TASK REQUIREMENTS. Could you retype every line below exactly, omitting the images?

PROVIDED DATA.
»»

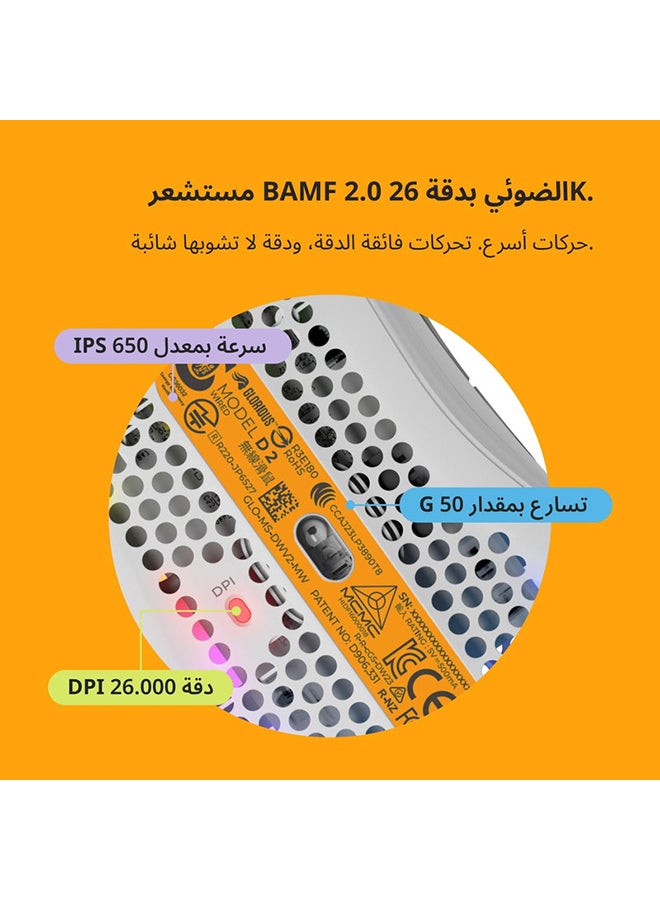 جلوريوس - Gaming Model D 2 RGB Wired Gaming Mouse - Matte White - Image 1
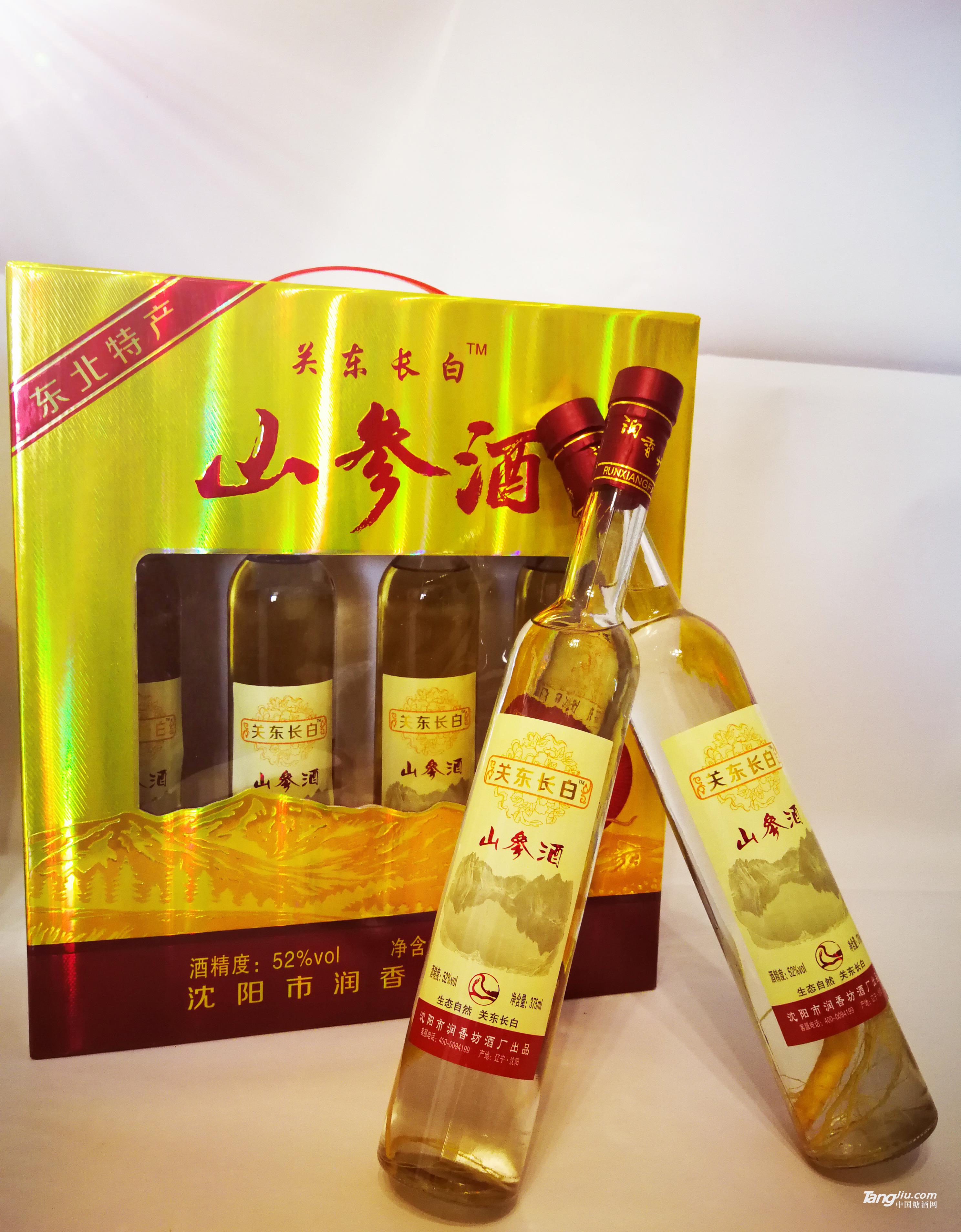 關(guān)東長(zhǎng)白52度山參酒-375ml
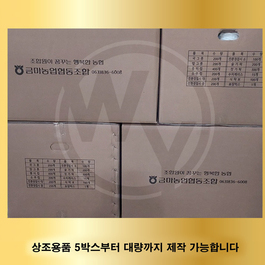 금마농업협동조합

««

RESULT FOR THIS EXERCISE.
 جلوريوس - Gaming Model D 2 RGB Wired Gaming Mouse - Matte White - Image 1
 關(guān)東長(zhǎng)白52度山參酒-375ml
 금마농업협동조합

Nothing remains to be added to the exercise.